As I'm experiencing this problem, too, I've made a recopilation of tests I've done, in order to see if they can help anyone. It's about my own experiences whit this error, and I'm still investigating how to fix, or at least minimize this issue with the ahci timeouts while I try to remove the rust to my written english (sorry, pals!)
What I've found until now...
Specs: Gigabyte GA990FXA-UD5 w/ AMD phenom II 955 & 16GB RipjawsX@1600MHZ and an Intel NC380T PCIe 4x dual gigabit LAN adapter
Using onboard SAS controller plus two aditional DELL SAS 6/ir (both flashed with LSI 1068IT firm). Internal controller is using 4x Samsung HD154UI drives in Raidz mode. The other two boards have 8x Samsung HD204UI and 8X Samsung HD753LJ drives, all of them in Raidz2 config. Everything into a Norco RCP-4020 chassis and powered with an OCZ 700W PSU.
The SAS boards are working like a charm, but the integrated one (AMD SB950/IXF700) is another story (more like a nightmare, i should say...). When copying single files, everything's ok with this controller, but when it is under heavy duty... Ta-daaa! the AHCI timeouts appears.
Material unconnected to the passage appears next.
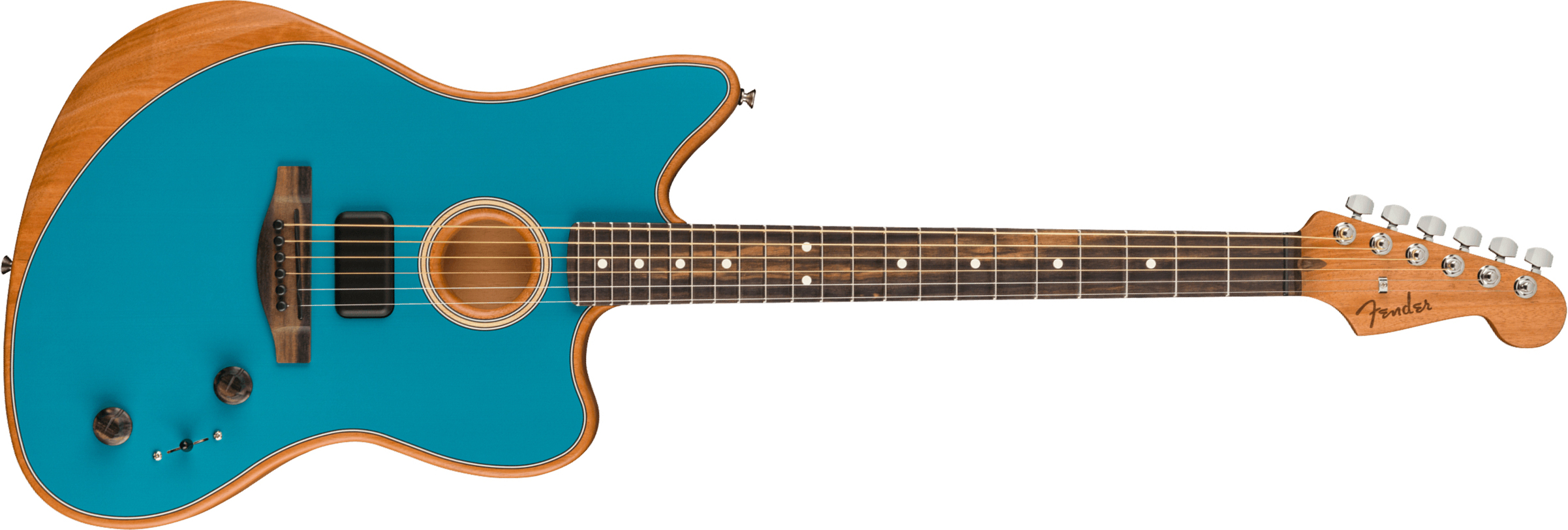 Fender American Acoustasonic Jazzmaster Usa Eb - Ocean Turquoise - Guitarra electro acustica - Main picture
Until now, all i've found about this problem is that the involved mobos are using an AMD SB*** integrated SATA controller, and the fact that processor speed or ram amount doesn't seems to affect this problems for better or for worse...
Now, what i've tried until now...
-Set SATA in IDE mode instead of AHCI: Timeouts
-Test with another drives (HD753LJ instead of the HD154UI installed): Timeouts
-Add to loader.conf this line 'hint.ahci.0.msi=0' to see if there was a problem with irq handling: Timeouts
-Disabling all on-board hardware in BIOS but the essential ones: Timeouts
-Changing the graphic card for a PCI one: Timeouts
-Removing all cards (network, additional SAS controllers, etc): Timeouts
-Updating BIOS from F5 to latest one (F7): Timeouts
-Plugging in disks directly into the onboard controller (avoiding the Norco backplanes, i mean): Timeouts
-Disabling all services in Freenas (CIFS, SMART, etc): .....Well, guess what!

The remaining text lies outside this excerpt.